The timing of his arrival in Hong Kong was first questioned Monday by Minnesota Public Radio, which cited an August 1989 article in a Nebraska newspaper that said Walz was leaving for China that same month.
Asked about the discrepancy on Tuesday, the Harris-Waltz campaign did not dispute that Walz misspoken, but did not explain why. The campaign says Walz is likely to have visited China more than 15 times, rather than the 30 he has previously claimed.
A source familiar with Mr. Walz’s comments said the point he was trying to make was that some people in his education program were discussing dropping out after the Tiananmen massacre, “but he said it was “I continued the program because I believed it was important to people.” I want people to learn about American democracy and American history. ”
“This is about trying to understand the world,” Walz said during Tuesday’s debate.
Walz has long been a vocal critic of China’s human rights record, trade practices and growing aggression in the South China Sea. But he also spoke about potential areas for cooperation between the United States and China, which is said to be the most important bilateral relationship in the world.
“I don’t fall into the category of saying China necessarily needs to be an adversary,” he said in a 2016 video interview.
Republicans, who prefer to take a hard line against China and its ruling Communist Party, are using Walz’s experience in China, which is not mentioned in Harris’ biography on her campaign website, as reason to suspect her. are.
On Monday, Rep. James Comer (R-Ky.), chairman of the House Oversight and Accountability Committee, called Homeland Security Secretary Alejandro Mayorkas for information about Walz’s “associations with the Chinese Communist Party.” Summoned.
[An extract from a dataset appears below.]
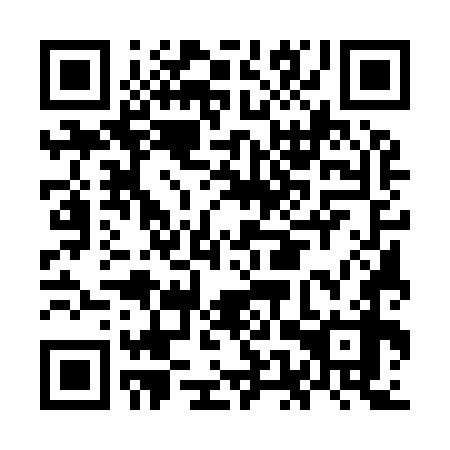 QR code for OEU 978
Just before Tuesday’s debate, the Trump campaign sent an email accusing Walz of being “pro-China,” citing his reported 30 visits.
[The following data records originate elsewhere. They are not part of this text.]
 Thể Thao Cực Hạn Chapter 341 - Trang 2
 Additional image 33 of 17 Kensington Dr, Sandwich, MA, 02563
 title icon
Republicans have attacked Walz over other inaccurate statements, even as President Trump regularly spreads misinformation. Walz, who spent 24 years in the military but had never been deployed to a combat zone, said in August that he “misspoke” when he talked about using weapons “in war” in a 2018 video distributed by the Harris campaign. said.
Mr. Vance also accused Mr. Walz of lying when he implied that he and his wife Gwen had their child through in vitro fertilization. They used another form of assisted reproductive technology called intrauterine insemination.
A spokesperson for the Harris-Waltz campaign said that in her earlier comments, Walz “used commonly understood abbreviations for infertility treatment.”